# Drones



## andy665 (Nov 1, 2005)

Anyone had much experience of them - I have just bit the bullet and bought a Mavic Pro after seeing a demo at the Weston Park R/C Airshow yesterday - pretty gobsmacked at the features it has and its ease of use

https://www.bing.com/videos/search?...39626E1EA6A400D23E8539626E1EA6A40&FORM=VRDGAR


----------



## Derekh929 (Aug 28, 2011)

Andy Mat on here PM him he has one done some videos with it , I'm also close to going for one was keen on the yunec typhoon H but was told better with new dji one


----------



## andy665 (Nov 1, 2005)

Derekh929 said:


> Andy Mat on here PM him he has one done some videos with it , I'm also close to going for one was keen on the yunec typhoon H but was told better with new dji one


My hand to eye co-ordination is terrible so was not sure I'd get to grips with one but on trying this yesterday it was very easy. Love the quality of it as well, small but very well engineered


----------



## Derekh929 (Aug 28, 2011)

I want for a NC500 trip but have kept putting it off as I'm useless with PlayStation etc unless racing games, so worried I would bin it even with new anti avoidance software on some new drones


----------



## markcaughey (Apr 3, 2015)

Yeah the DJI range are so easy to fly but still tonnes of fun. The mavic pro is an amazing machine I promised myself one when I sold my Phantom 3 in the winter but don't know I can justify the cost as I barley used my Phantom especially in the winter hence the reason I sold it but now the weathers decent I keep finding myself in situations wishing I had one...... 

Enjoy your new machine !


----------



## keithjmason (Oct 22, 2012)

just ordered a Mavic Pro
Should be getting delivered today !


----------



## andy665 (Nov 1, 2005)

keithjmason said:


> just ordered a Mavic Pro
> Should be getting delivered today !


Mine should be arriving tomorrow - definitely one of those things that nobody really needs but once seen you just WANT uit


----------



## tightlines (Jul 16, 2011)

i just sold my phantom 3,looking to get a mavic next year


----------



## markcaughey (Apr 3, 2015)

the new DJI Spark looks interesting, don't know if it would be too small though...


----------



## Andy from Sandy (May 6, 2011)

Whereabouts are you andy665?

I am a member of a club that has a few very knowledgeable people who could help you.
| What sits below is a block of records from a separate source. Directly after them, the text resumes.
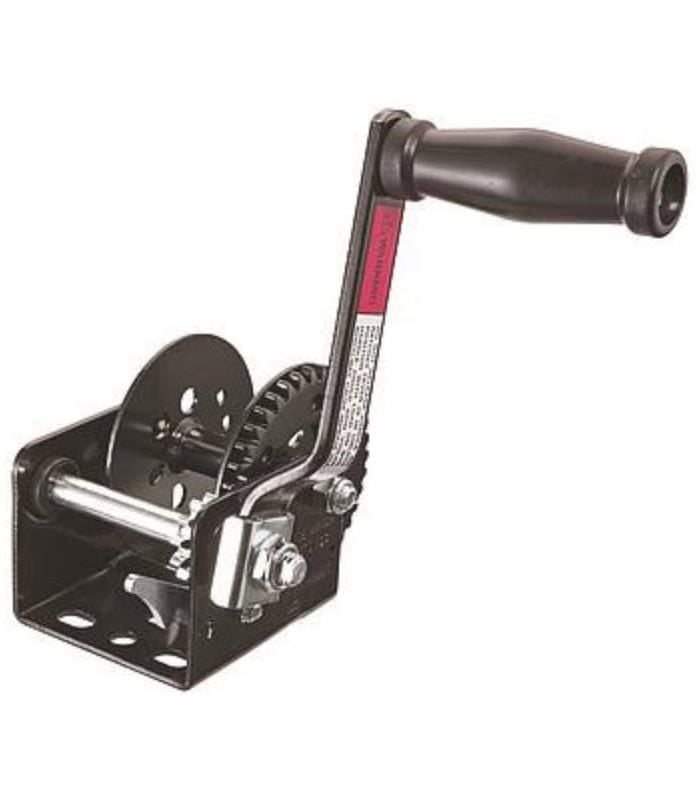 Jun Kaung Jk06122 Irgat Kollu El Vinci 545 Kg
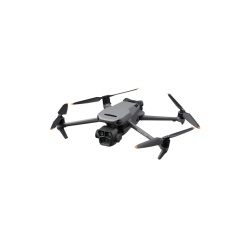Kit Drona DJI Mavic 3 PRO Cine Premium Combo5.1K/50, 20MP, 899g - Img 2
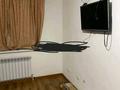 1-комнатная квартира · 30 м² · 1/9 этаж, Карасай Батыра 22в за 24 млн ₸ в Астане, Сарыарка р-н — фото 10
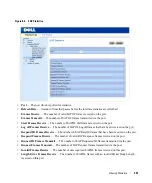 Preview for 357 page of Dell PowerConnect 54 Series User Manual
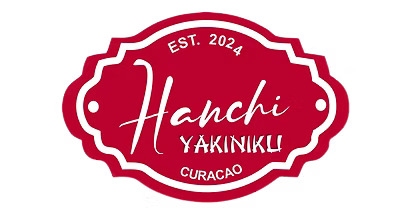 Hanchi Yakiniku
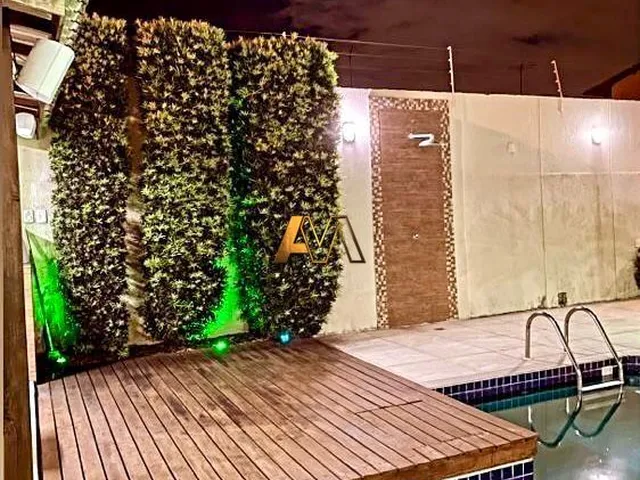 Imagem 12: Casa à venda no bairro Ipitanga - Lauro de Freitas/BA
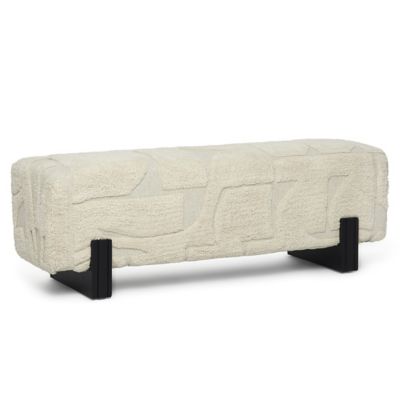 Connor Bench
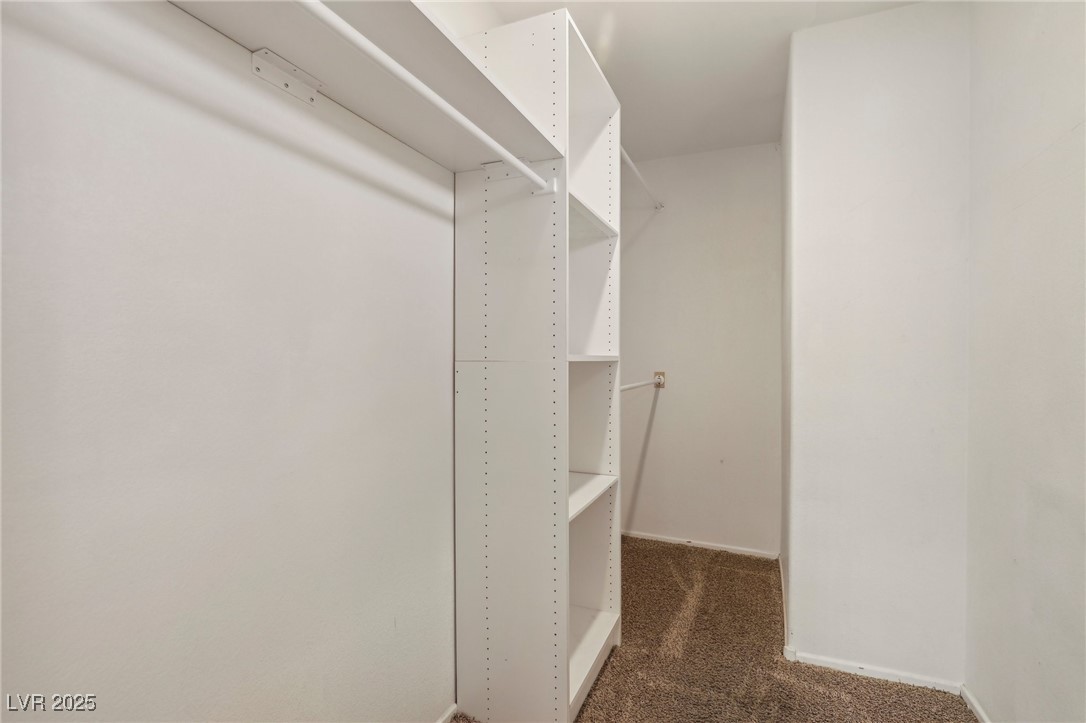 1019 Felix Palm Avenue Property Photo 33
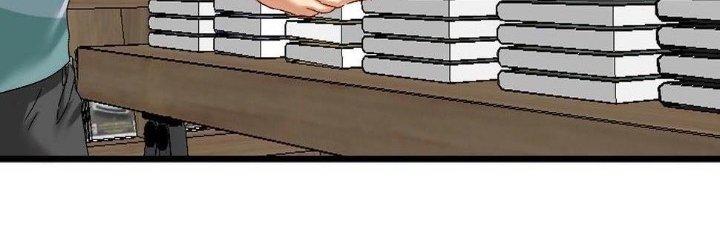 Thành Tựu Của Ta Rất Nhiều Chapter 130 - Trang 3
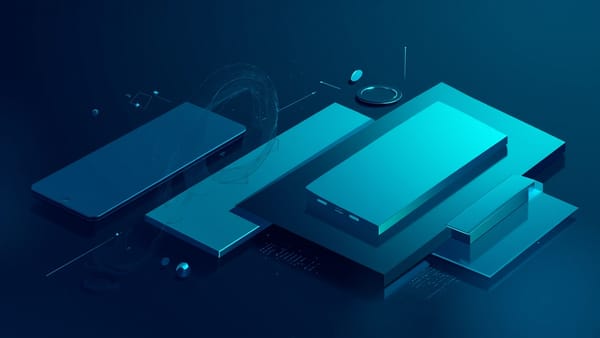 Mobile Game Testing on Real Devices: Beyond the Emulator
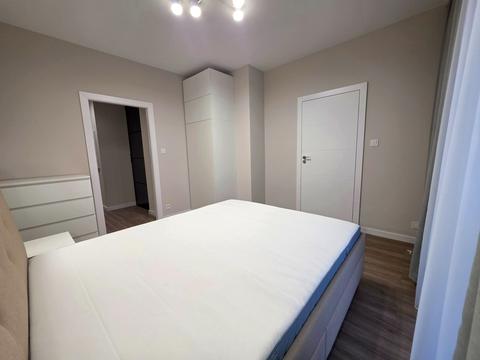 квартира по адресу Раисы Окипной ул., 10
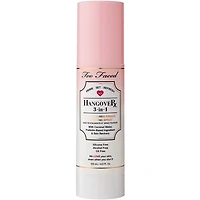 Hangover 3-in-1 Replenishing Primer & Setting Spray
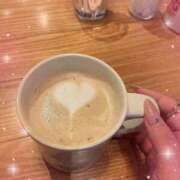 りか 本日のお礼っっ🩷🩷 妻天 尼崎店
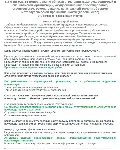 Б.3.9 ПБ 921.14 (апрель 2022) - irongamers.ru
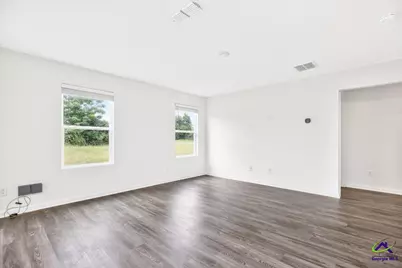 249 Isabella Way, Warner Robins, GA 31008 - Photo 14
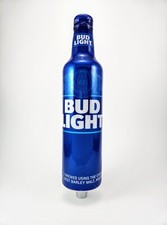 Maniglia rubinetto birra Bud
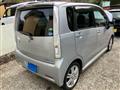 2013 Daihatsu Move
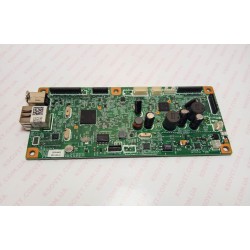 Плата форматування / форматор Canon MF4870/4780 FM0-3927 / FM0-3948 / FK3-3540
Now the person who sold you your new toy may or may not have bothered with the small print. Have you been advised to get BMFA membership for third party insurance or to join one of the other companies that offer similar insurance?

Has anything been pointed out to you of the restricted air spaces around airports and the like.

This is not to be a killjoy, far from it but flying in a way that is detrimental to the environment gives all of us with RC toys a bad name and could jeopardise the hobby as a whole.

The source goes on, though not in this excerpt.